### Problem description
Take the line containing "Sağlık Bakanlığı ekiplerinden" through the last line of the data and retype those lines exactly. Pictures do not belong in the copy.

### Data
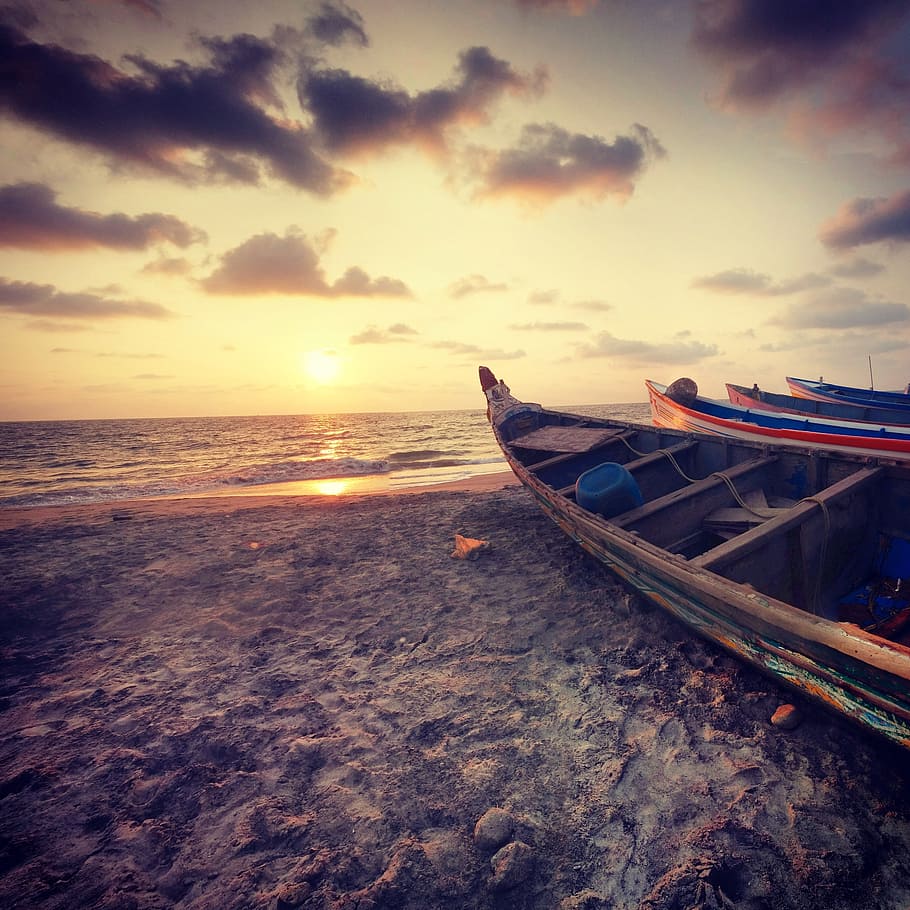 canoas en la orilla del mar, alappuzha, horizonte, kerala, alepey, puesta de sol, mar, agua, cielo, embarcación náutica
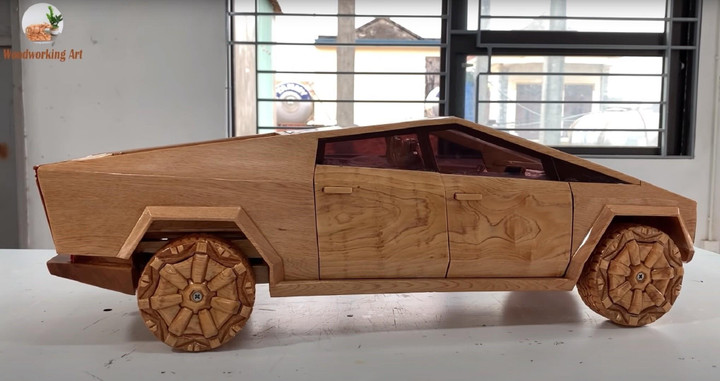 Hình ảnh Tesla Cybertruck bằng gỗ của thợ Việt trên báo ngoại - 6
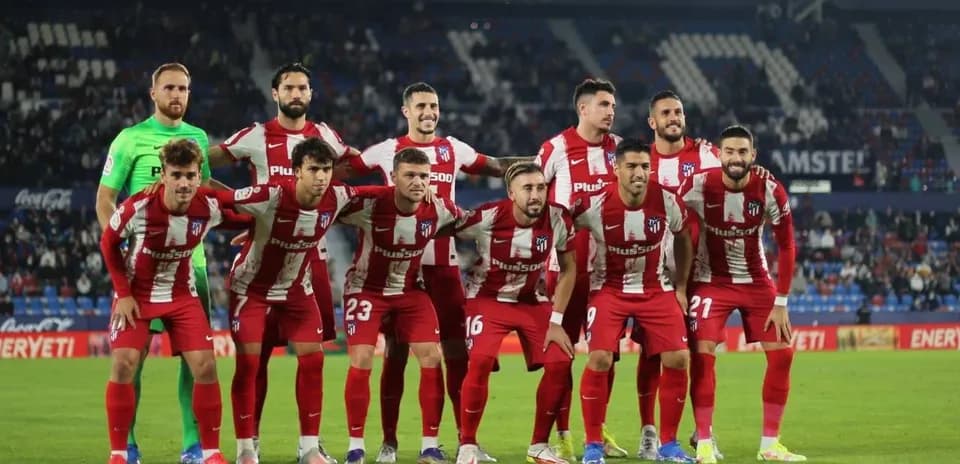 Jugadores del Atlético de Madrid posando en equipo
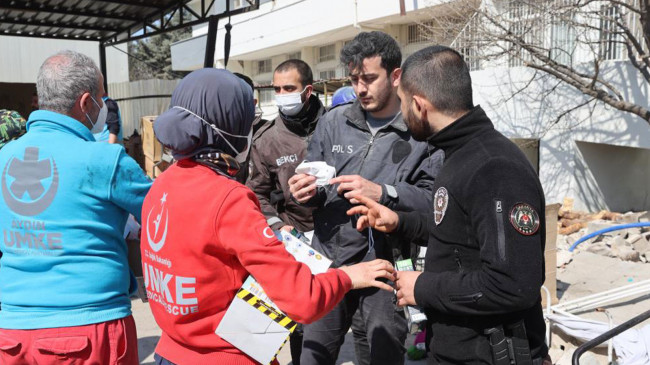 Sağlık Bakanlığı ekiplerinden enkazda çalışanlara “maske” uyarısı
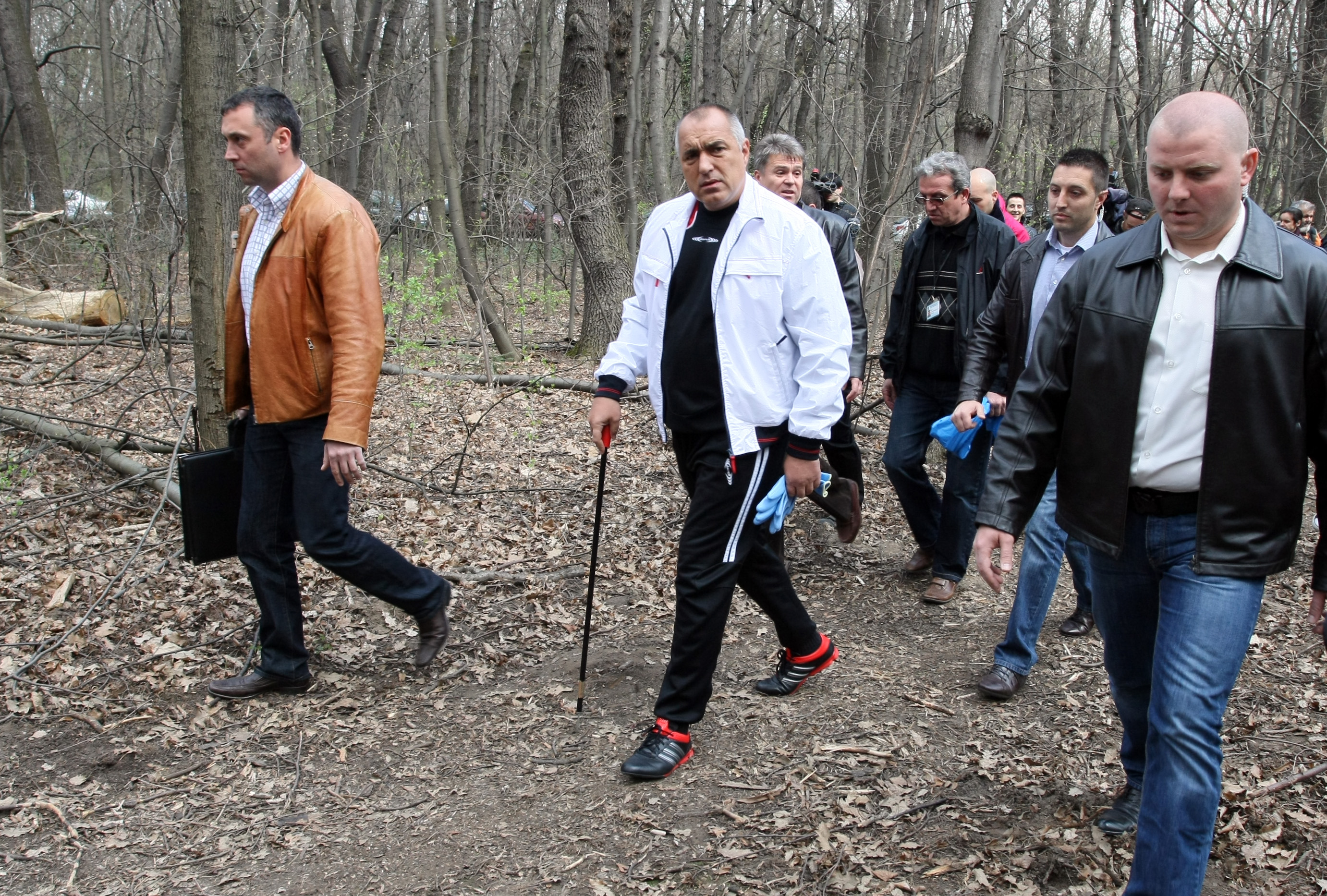 Премиерът се включи в пролетното почистване на София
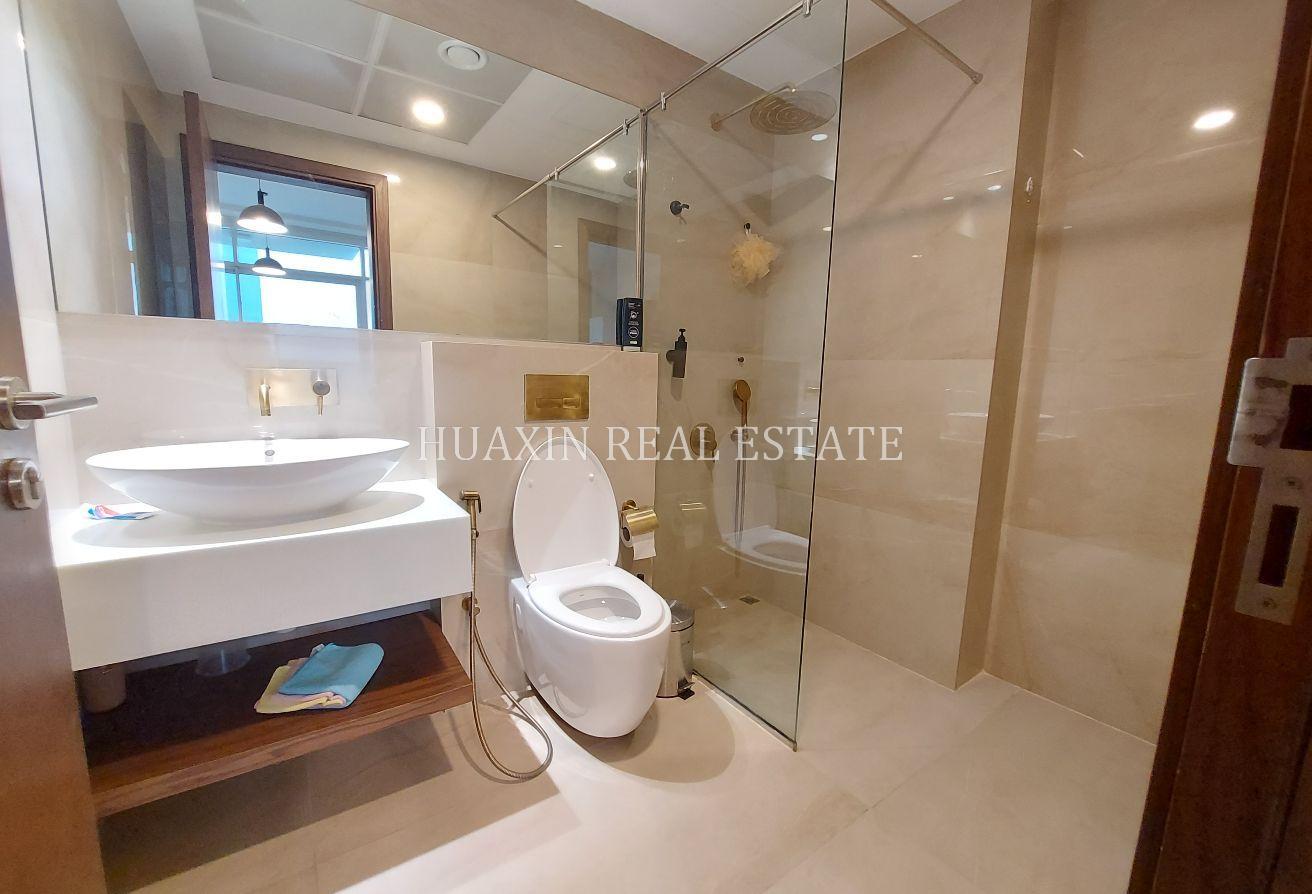Negotiable | Low Floor | Flexible Payments photo 6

### Solution below
 Sağlık Bakanlığı ekiplerinden enkazda çalışanlara “maske” uyarısı
 Премиерът се включи в пролетното почистване на София
Negotiable | Low Floor | Flexible Payments photo 6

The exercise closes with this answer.